Brasil vai atrás do rastro de indígenas isolados na Amazônia
Um casco de tartaruga caçada à mão e uma vasilha de cerâmica: esses vestígios materiais simples, encontrados há três anos, são os últimos rastros conhecidos de povos indígenas isolados em Ituna/Itatá, na Amazônia Legal.
O Brasil possui evidências da existência de povos sem contato com a sociedade nessa terra indígena do Pará, com tamanho semelhante ao da cidade de São Paulo.
Ituna/Itatá é protegida por uma portaria provisória contra a destruição florestal, mas organizações indígenas pedem ao governo mais expedições em busca de vestígios para confirmar a presença de povos isolados, o que permitiria ao Estado demarcar definitivamente a área para a preservação florestal.
Nas casas de madeira e palha de Ita'aka, uma aldeia de 300 habitantes na terra indígena vizinha Koatinemo, relatos de encontros fortuitos com "parentes" de comunidades não contactadas de Ituna/Itatá circulam entre as famílias do povo Asurini.

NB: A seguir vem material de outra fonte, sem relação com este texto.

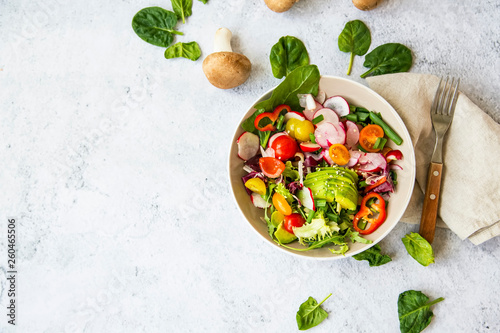 Healthy salad with bio organic vegetables, green vegan meal with avocado, pepper, radish, tomatoes, lettuce, cabbage, spring colorful salad closeup, clean eating concept top view photo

"Minha cunhada me disse: 'Está ali, está ali!'. Era um rapazinho que estava me olhando bem de pertinho, ele era do tamanho desse pé de banana", contou à AFP Takamyí Asurini, um idoso que leva nas costas a cicatriz de uma flecha que diz ter sido lançada pelos isolados.
Autoridades prorrogaram em 18 de junho uma portaria provisória que restringe desde 2011 o acesso a Ituna/Itatá, para "garantir a proteção integral dos territórios com presença de povos indígenas isolados".
As evidências em Ituna/Itatá incluem desde avistamentos a partir dos anos 1970 até descobertas arqueológicas que indicam a presença de indígenas sem contato ao menos desde 2009, segundo a ONG Burness, que apoia os esforços para uma demarcação definitiva do território.
- 'Nós os percebemos na natureza' -
O Brasil reconhece 114 "registros de presença" de indígenas isolados na Amazônia, ou seja, grupos que se mantêm voluntariamente sem ou com pouco contato com as sociedades nacionais.
Segundo a Fundação Nacional dos Povos Indígenas (Funai), este isolamento se deve, por vezes, às consequências negativas da interação com brancos no passado: doenças, violência física e saque de recursos naturais, explica a Funai.
Entre os registros reconhecidos oficialmente, cerca de um quarto são considerados confirmados, e outros, como os de Ituna/Itatá, são tidos como "fortes evidências" da existência de povos isolados, embora sem nenhum trabalho sistemático oficial para a sua comprovação efetiva.
"Há um abandono histórico de registros em que o Estado reconhece a possibilidade de existência desses povos, mas não consegue garantir medidas efetivas de proteção territorial", apontou Luiz Fernandes, membro da Coordenação das Organizações Indígenas da Amazônia Brasileira (Coiab).
"Para provar que há isolados, o Estado precisa de registros qualificados, mas, para nós, povos indígenas, é diferente: nós os percebemos na natureza, nos sons que escutamos, as presenças, às vezes os cheiros", ressaltou a ativista indígena Mita Xipaya, 24.
- Recorde de desmatamento -
As terras não indígenas já perderam quase 30% de sua vegetação nativa na Amazônia brasileira desde o início dos registros, em 1998, segundo a ONG Instituto Socioambiental.
Em contrapartida, caiu 2% nas terras indígenas delimitadas pelo Estado durante o mesmo período.
Há uma década, Ituna/Itatá sofre o assédio do garimpo ilegal e do desmatamento para atividades agrícolas, o que já chegou a ameaçar a segurança dos responsáveis pela fiscalização, segundo autoridades.
A situação se agravou na presidência de Jair Bolsonaro (2019-2022), quando o governo suspendeu a portaria de proteção de Ituna/Itatá e a terra indígena se tornou a mais desmatada do país.
As consequências persistem até hoje nesse território, onde quilômetros de terra arrasada em meio ao verde amazônico podem ser observados em um sobrevoo da região, comprovou a AFP.
Indígenas e ativistas pedem que o governo atual avance com a demarcação permanente de Ituna/Itatá, a meses de o presidente Lula liderar a conferência climática COP30 da ONU em Belém.
"É necessário não somente olhar para a floresta, mas também para as pessoas que estão nela, os povos indígenas, porque é através deles que a floresta ainda está de pé", advertiu Toya Manchineri, coordenador-geral da Coiab, que defende a existência dos isolados.